Raxenberg declined to specify how much he paid to join the network or the amount of money he contributes to the marketing campaign.
The legal arm of 411-PAIN has undergone a similar growth spurt. Lewin says this aspect of his business began when patients at the medical clinics began asking legal questions. The chiropractors would then refer them to lawyers.
Sohan and Rodriguez's lawsuit accuses 411-PAIN of "unlawfully solicit[ing] clients... on behalf of lawyers pursuing personal injury claims." Any company that refers people to lawyers is supposed to register with the Florida Bar. But for a dozen years, 411-PAIN did not. This May, the company finally complied. "In order just to be on the conservative side, we've gone ahead and registered," Perling says.
The lawsuit also says 411-PAIN "intentionally misled consumers into believing they are contacting a lawyer for legal services or a service that will explain to them their rights... when, in fact, they are contacting chiropractic medical clinics." Florida Bar rules state that advertisements for attorney referral services must not include "visual or verbal descriptions, depictions, or portrayals of persons, things, or events" that are "deceptive, misleading, or manipulative."

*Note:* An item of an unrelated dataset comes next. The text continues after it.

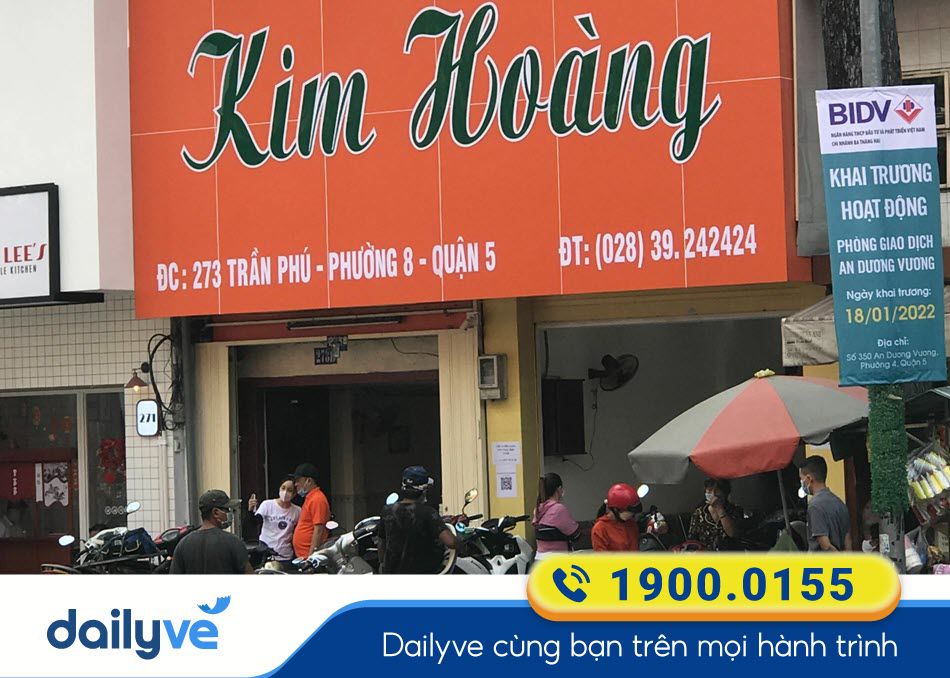 Trạm xe Kim Hoàng Trần Phú - Sài Gòn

One 411-PAIN commercial features a white-haired man wearing a suit and tie who stands in front of a wall of legal books and says, "Insurance companies have attorneys working hard for them. Call 411-PAIN and get the right people working for you."
Lewin maintains that "our commercials are an accurate, true description" of the services offered. In recent months, the company has changed some of its ads to comply with the bar rules, adding disclaimers that identify it as a medical and legal referral service.

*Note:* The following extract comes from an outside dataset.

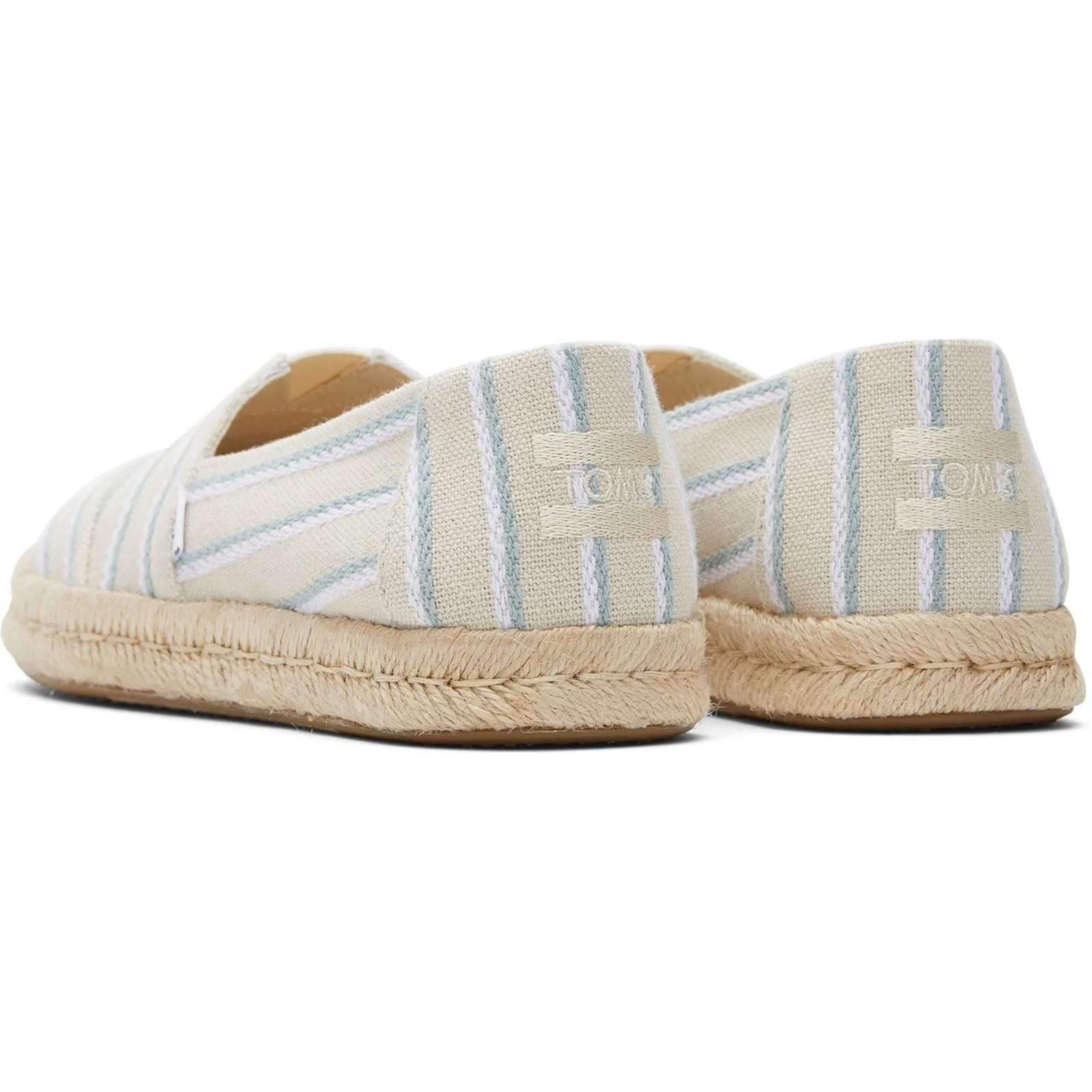 TOMS Alpargata Rope 2.0 100% Cotton Women's Fog Espadrilles - Image 2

Lewin also flatly denies that the attorneys pay a fee to be part of the 411-PAIN network. That would violate bar rules. But he admits that the doctors and lawyers send each other business. They have "a reciprocal relationship," meaning that in some cases, lawyers refer patients to doctors and vice versa.
That raises the question of whether the referral service points patients to the best possible medical and legal services or whether it just drums up business for a specific network of doctors and lawyers.
For instance, a chiropractor may not be able to provide the best medical treatment to a patient. "Maybe I should be going to an osteopath, or maybe I should be going to a surgeon," says J. Robert Hunter, director of insurance for the Consumer Federation of America. "I'd want to get advice on what is the specialty I need. If all they do is pump everybody into the chiropractors, that's not appropriate either."
Success has been good to Lewin. He owns three homes: a $1.2 million house in Davie, a $416,000 condo in Hollywood, and a $200,000 condo in Oakland Park. Twin brother Harley has become co-owner of the clinics that Shapiro used to help run. Harley is neither a chiropractor nor a lawyer. Schulman says he helps with "promotion" of the company.